** Opening Supplied material block **

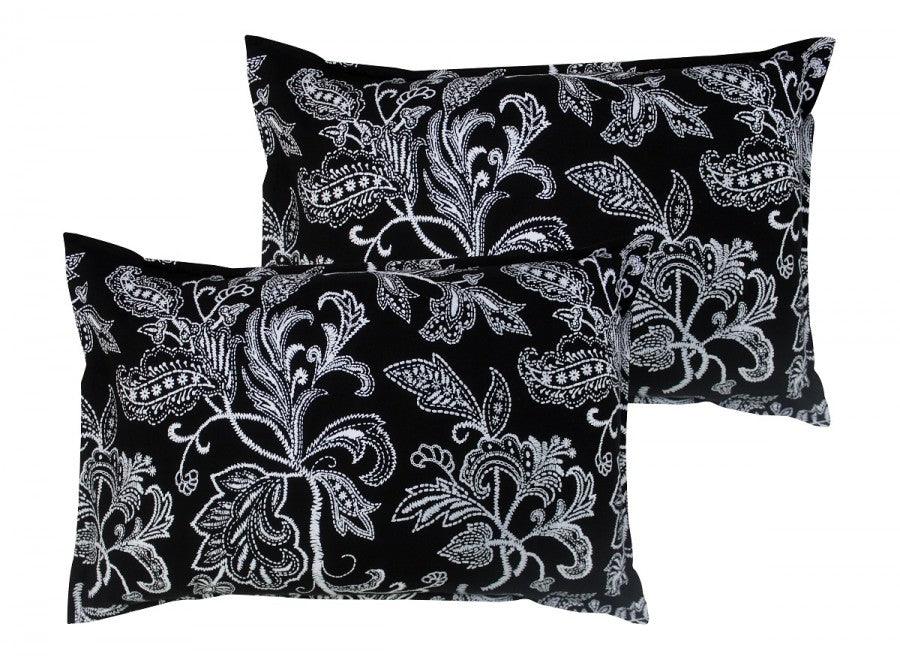 Cotton Black Flower Pillow Covers Pack Of 2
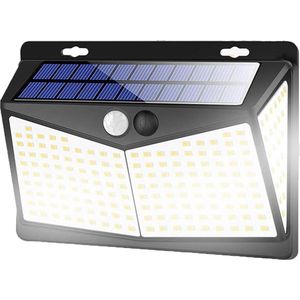 Living Nine® Solar Buitenlamp Met Bewegingssensor - Wandlamp op Zonne energie - 208 LED - Waterdicht - Tuinverlichting - Met Sensor - Voor Buiten - Zwart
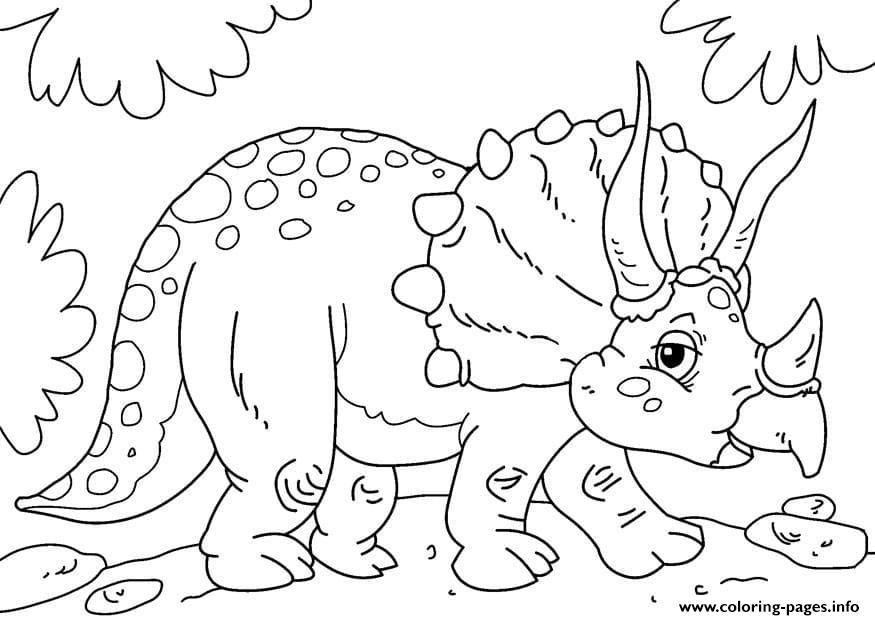 Cute Triceratops Coloring Pages Printable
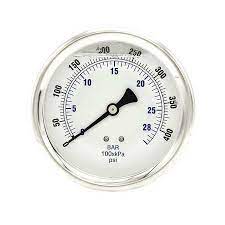 Pressure Gauge, Liquid Filled, 0-400 PSI, 1/4" Backmount, w/ 4" Dial, - Chimney Cricket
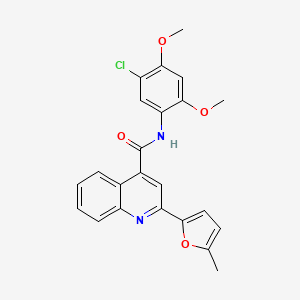 molecular formula C23H19ClN2O4 B3608424 N-(5-chloro-2,4-dimethoxyphenyl)-2-(5-methylfuran-2-yl)quinoline-4-carboxamide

** Closing Supplied material block **

[Instructions to follow] Without including any pictures, copy every line above exactly.

[Output of the exercise]
 Cotton Black Flower Pillow Covers Pack Of 2
 Living Nine® Solar Buitenlamp Met Bewegingssensor - Wandlamp op Zonne energie - 208 LED - Waterdicht - Tuinverlichting - Met Sensor - Voor Buiten - Zwart
 Cute Triceratops Coloring Pages Printable
 Pressure Gauge, Liquid Filled, 0-400 PSI, 1/4" Backmount, w/ 4" Dial, - Chimney Cricket
 molecular formula C23H19ClN2O4 B3608424 N-(5-chloro-2,4-dimethoxyphenyl)-2-(5-methylfuran-2-yl)quinoline-4-carboxamide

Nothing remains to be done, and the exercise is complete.